NHRA Motorsports Museum releases historical videos

(December 5, 2021) Museums aren't just places to store old stuff, they're places to tell the stories that mean something to us using that old stuff as a medium. The staff at the Wally Parks NHRA Motorsports Museum knows this all too well. A video series that curator Greg Sharp and racer Jack Beckman put together earlier this year tell fascinating stories of drag racing and hot rodding history.

The videos in the series spotlight cars in the museum's collection — influential and significant vehicles that went on to become legends in the hot-rodding-derived sports of drag racing and land-speed racing - but they also examine the people who made those cars great, people like Jim Nelson and Dode Martin of Dragmasters, Tom Woods and Fred Stone and all the others involved in the Stone Woods and Cook team, CJ "Pappy" Hart, and Art and Lloyd Chrisman.

It's not just Greg and Jack talking beside cars, either; the archive footage that punctuates each video brings each of these pioneers up off the page and endows them with vibrancy and immediacy. The videos are short, but taken as a whole, they're a great look at the history of hot rodding.

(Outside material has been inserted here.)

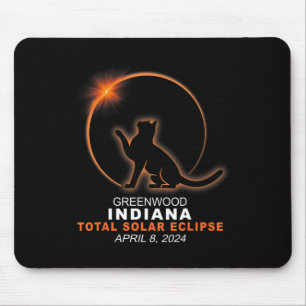 Indiana Total Solar Eclipse 2024 1 Mousepad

We have included a couple of the videos from the extensve series.

The Wally Parks NHRA Motorsports Museum is located at 1101 W. McKinley Ave., Pomona, Calif. Operating hours are Wednesday through Sunday from 10 a.m. to 5 p.m.

The museum was created by a group of long-time NHRA staff members led by founder Wally Parks, for whom the museum was renamed on his 90th birthday. The Automobile Club of Southern California stepped in as the presenting sponsor of the museum. Steve Gibbs, now a retired vice-president of NHRA, led the team that reconditioned a WPA-constructed 28,500-square-foot  building on the grounds of the Fairplex to house the museum, which opened to the public in 1998.

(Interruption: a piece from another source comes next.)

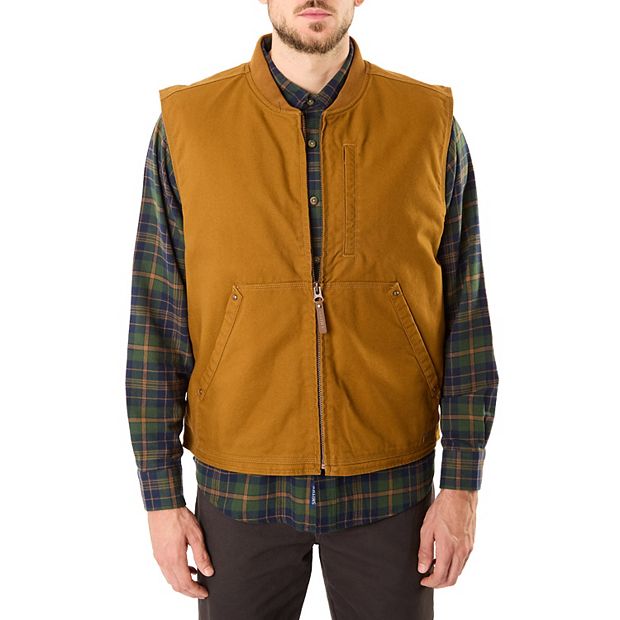 Men's Smith's Workwear Sherpa-Lined Duck Canvas Work Vest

Among the exhibits are one of A. J. Foyt's Coyote Indy Cars, Kenny Bernstein's first dragster to reach speeds in excess of 300 mph, the Bob McClung helmet and photo collection, a collection of Indianapolis 500 credentials and artifacts from early events in the history of land speed records and hot rods. Temporary exhibits have also been created to honor participants in hot rodding including Vic Edelbrock, Don Prudhomme, the 1932 Ford, Track Roadsters, Parnelli Jones, and the So-Cal Speed Shop.